Behind-The-Scenes: What is Technical Program Management?

In this short series, we help you get some honest, behind-the-scenes details about what different jobs are really like from mid-career professionals across a variety of function, industries, and companies.

The 6 short questions are based on our What Does This Job Entail framework and are a great way to gain quick insights about a job, and build an in-depth analysis for to prepare your resume, cover letter, or interview preparation. Let's dig in and learn some more about the job function above. 



What's your name?

Anand Menon

What industry do you work in?

Technology

What led you to this career path?

I used to work at Amazon in a Program Management role that later transitioned into a Product Management role. Seattle is considered the Cloud Capital of the world with AWS, Azure, OCI, Google Cloud all based here. I wanted to move into Cloud and specifically transition into a technical role. OCI hired me due to my experience managing large scale programs at Amazon and provided me the bandwidth to learn technologies on the job. I really wanted to be in a company that is growing fast. OCI fit all these requirements and I was able to grab the opportunity that OCI provided.

When you started in this job function where did you need to get up to speed?

My current team has an eclectic mix of both technical and non technical managers and we learn daily from each other. I created a learning curriculum that allowed me to learn Cloud technology while adding value to OCI utilizing my expertise with business/HR operations. My manager purposefully put me on a project that leveraged my PM skills but not needing an in-depth tech knowledge. This allowed me to learn at a decent pace. Learning while doing, was the best way to proceed.

When you started in this job function where did you hit the ground running?

The first step was to understand the end-to-end ownership of my org and what the expectation was as a Technical Program Manager. The definition of TPM various within the industry and sometimes even within teams. Central program teams need to have a good mix of tech and managerial skills vs internal teams are heavily tech focused. I am part of a central team and there were areas that I could add value with no learning needed. This is what I prioritized with the support of my manager.

What does your day-to-day look like?

I work in the Cloud Security and Developer org within Oracle Cloud. I work on programs that will help OCI expand into new markets and enhance its offerings.

What are some of the challenges that you run into in your role?

Managing through influence vs managing through power. Moving from a manager role to an IC role was initially hard but now I am used to it. There is also the scale - as an IC, I can only do so much vs being a manager allowed me to deliver based on the capacity of my team. This mindset change was initially hard. Moving into a fully Cloud tech role was also challenging as majority of my org are developers. The perception of value of a TPM differs greatly based on people's personal experiences. Therefore, part of my job is selling what a TPM does and how we add value instead of adding one more layer of red tape.

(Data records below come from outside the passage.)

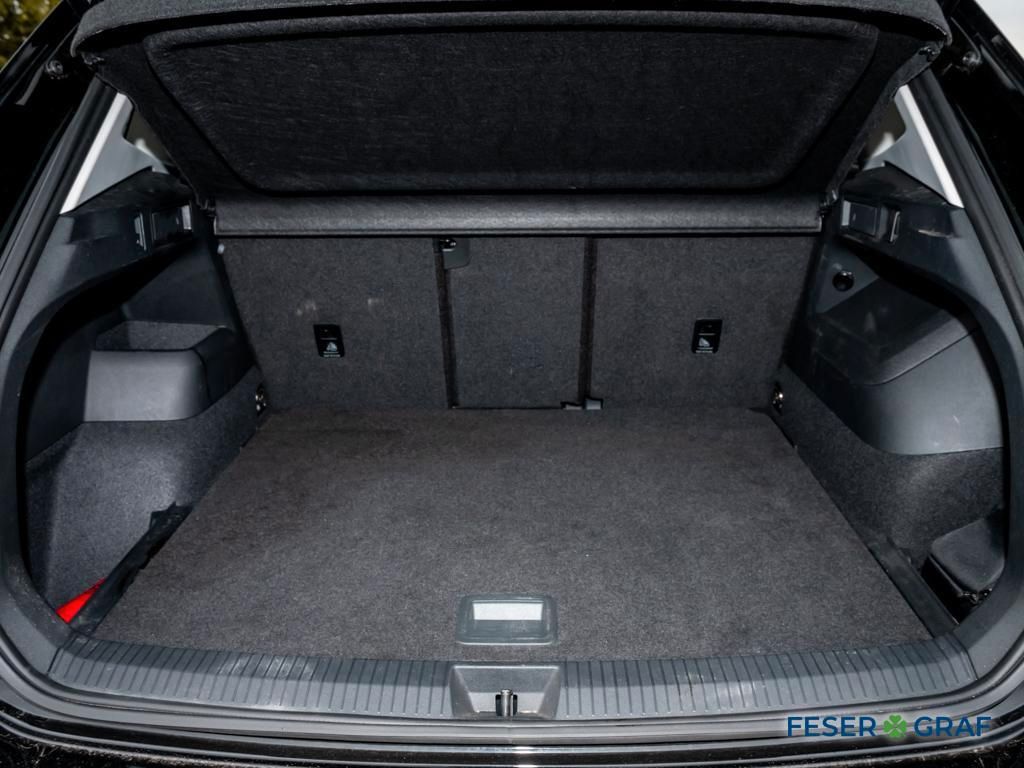 Volkswagen Tiguan 2025 г. Чёрный, пробег 32860 км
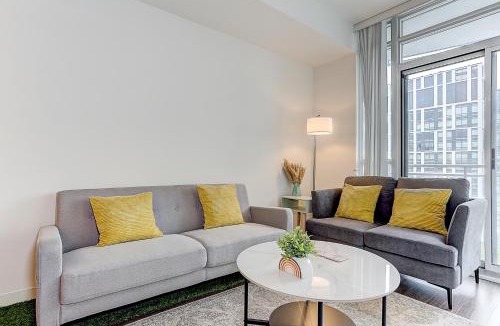 Bay Cloverhill Apartment | Lakeview 1 Bed 1 Den by Rogers Centre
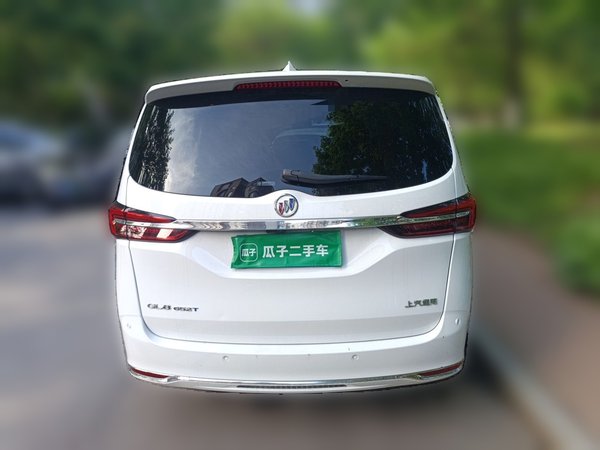 Buick GL8 2023, 33500 км, за 24834 USD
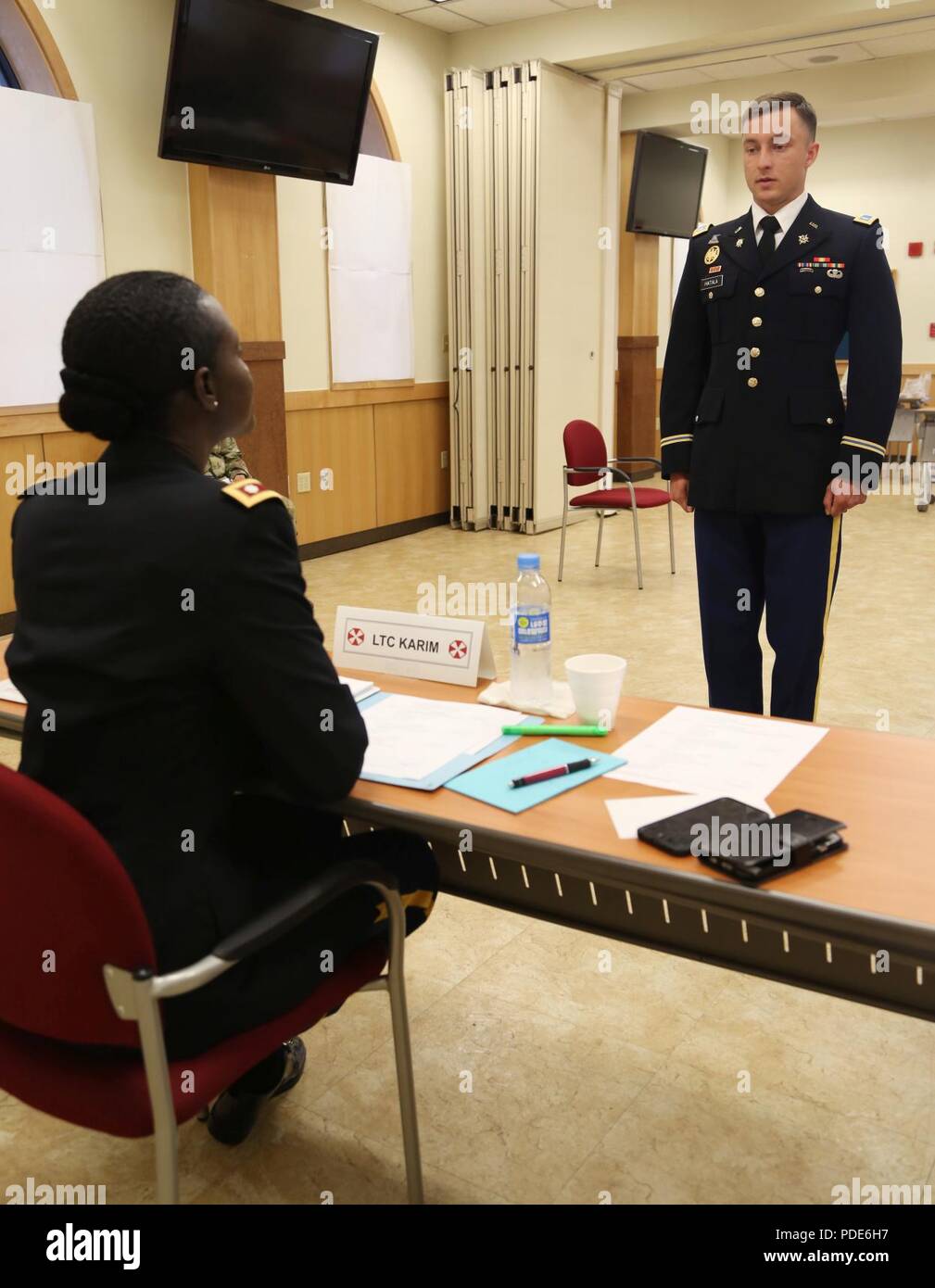 La 1ère Armée américaine, le lieutenant Roman Hatala, native de Basking Ridge, New Jersey affecté à la 2e Division d'infanterie, s'établit à l'attention à l'officier de sélection au cours de la 8 e armée 2018 Concours meilleur guerrier, qui s'est déroulée au Camp Casey, République de Corée, le 16 mai 2018. Le huitième meilleur guerrier de l'Armée de la concurrence est tenu de reconnaître et de sélectionner les plus qualifiés se sont enrôlés et junior sous-officier pour représenter 8 e armée à l'armée américaine meilleur guerrier Pacifique compétition à Schofield Barracks, HI. Le concours permettra également reconnaître l'agent les plus performants, l'adjudant et le coréen augmenta Banque D'Images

What types of questions are you asking regularly in your role?

What is the problem ? The problem definition might vary based on who you ask and therefore it is critical to understand at least 3 different definitions of the same problem. 2. How big is the problem I am trying to solve, who is the customer, who all does it impact 3. Will I add value or will I be an obstacle to progress 4. What currently exists that I can reuse and add immediate value to a program? 5. Are all the things on track, what kind of problems have cropped up in the past? How can I prepare or mitigate these problems before they happen 6. What I have I learned from my successes and mistakes? 7. Is my value perception aligned with those who I work with? 8. What else can I learn that will enhance the value I provide 9. What can I impart to others from my experiences

What's your favorite piece of career advice you've received?

People always assume being different is bad. Being different is a strength because if you are the only one that looks like you at the table, you are there, because they wanted you there. Don't change to align, stay different.